Adding RDF Support to the ApacheSolr module

You are viewing a wiki page. You are welcome to join the group and then edit it. Be bold!

Project information

Project page on ApacheSolr RDF Support
Student: Thomas Seidl (drunken monkey on d.o)
Mentor: Robert Douglass (robertDouglass)
Co-mentor: Stephane Corlosquet (scor)
Local mentor: Wolfgang Ziegler (fago)

Current status: Adding features


This project will improve the ApacheSolr module by enabling it to handle (i.e., index and search with a comfortable UI) any kind of RDF data. This will instantly make it possible to provide meaningful searches for all site content that isn't node-centric, as well as content from anywhere else on the web. Only an RDF class description and a way to access the data would have to be provided (apart from the normal Solr requirements) and the module would automatically do the rest of the work.


Goal and Deliverables

The result of this project will be a module (probably then added as a contrib module to the apachesolr module) which adds RDF support to the ApacheSolr integration.

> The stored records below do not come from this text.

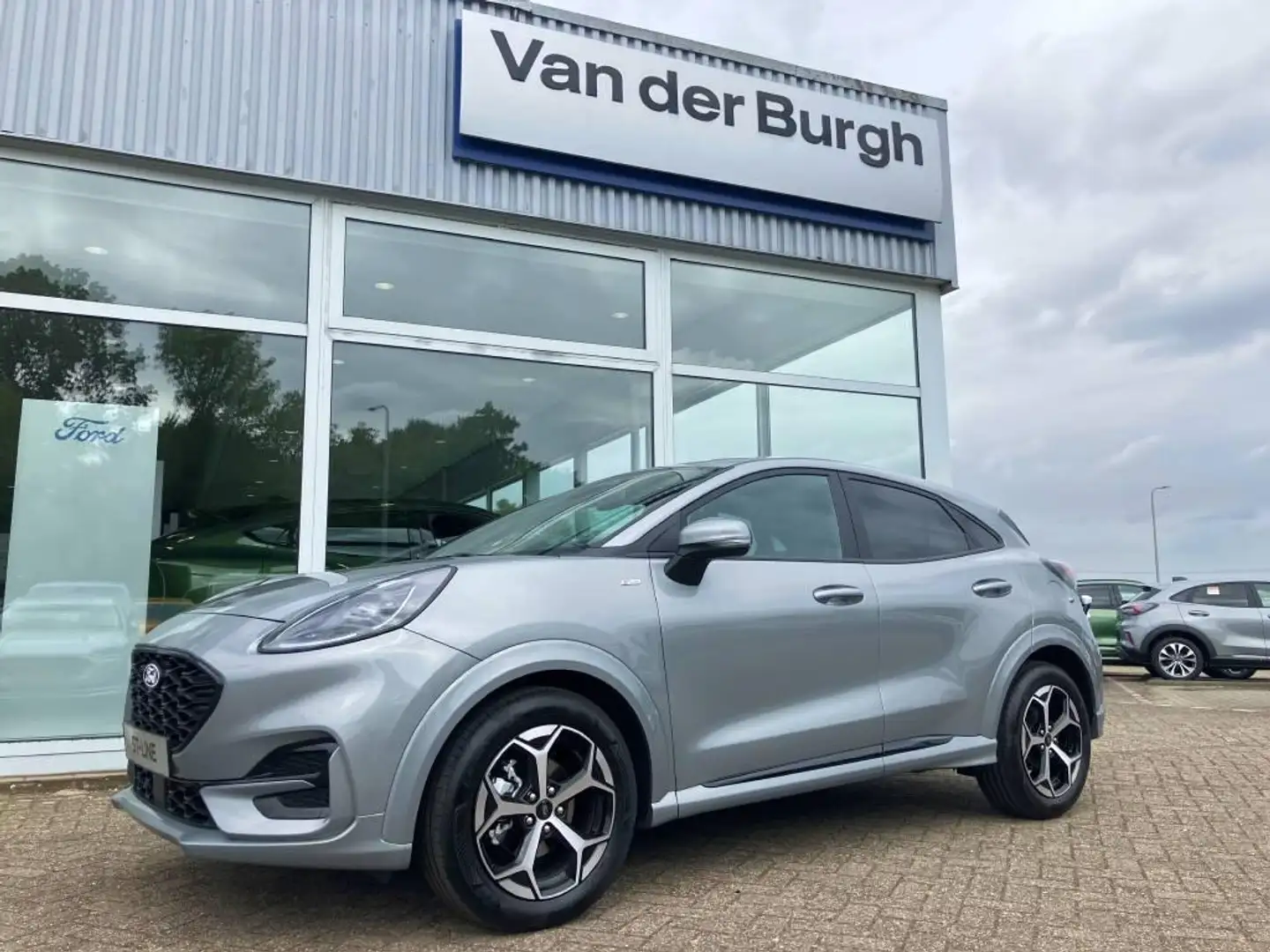 Ford Puma ST-Line 1.0 EcoBoost Hybrid 125pk automaat Full Op Gris - 2
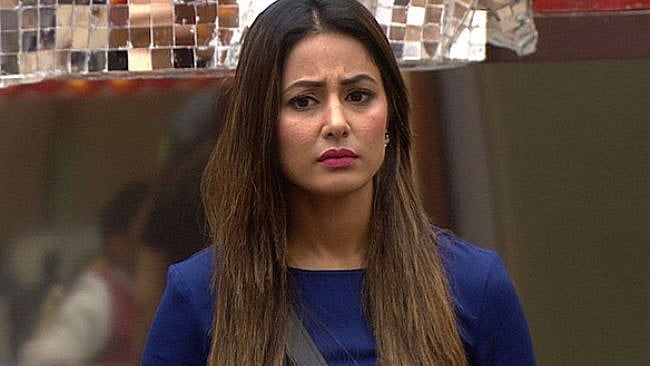 Hina or Sapna fight for being the captain this week in the <i>Bigg Boss 11</i> house.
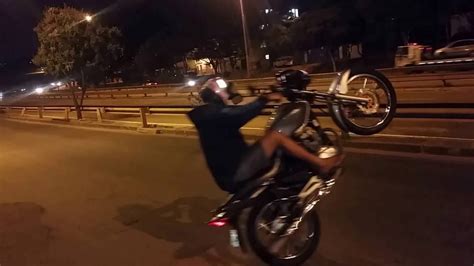 motoqueiro fazendo zerinho - YouTube
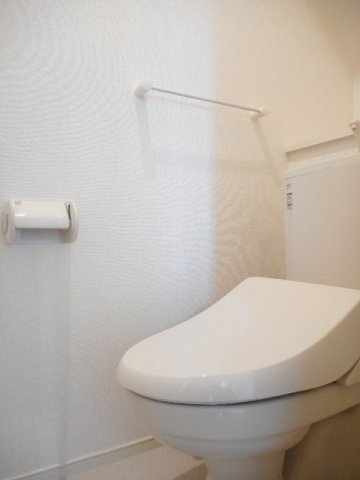 拡大写真：Ｃａｓａ　α 1階101の清潔感のあるトイレです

This should at least enable the following use cases:

  • Index and consequently search non-node-related drupal data (e.g. users) with solr by using an RDF representation
  • (Maybe working together with the rdf module) Upload arbitrary RDF data and let the module provide a search for it
  • Let the module index and provide a search for any RDF repository
  • Let multiple drupal sites all send RDF data for indexing to one Solr server and provide a multi-site search for this data

Leo Sauermann adds some input: we did a rdf index of crawled data in Lucene and Sesame with the "LuceneSail". Maybe this is interesting for you. It is related to aperture, a similar thing like solr.

Project schedule

Since my semester doesn't end until the beginning of July, most of the actual coding for my project will have to be done in the last one and a half months. The first month will mostly be dedicated to planning, research and a bit of prototyping.
Also, since my project is mostly R&D, the concrete milestones could change a good deal in the course of the project.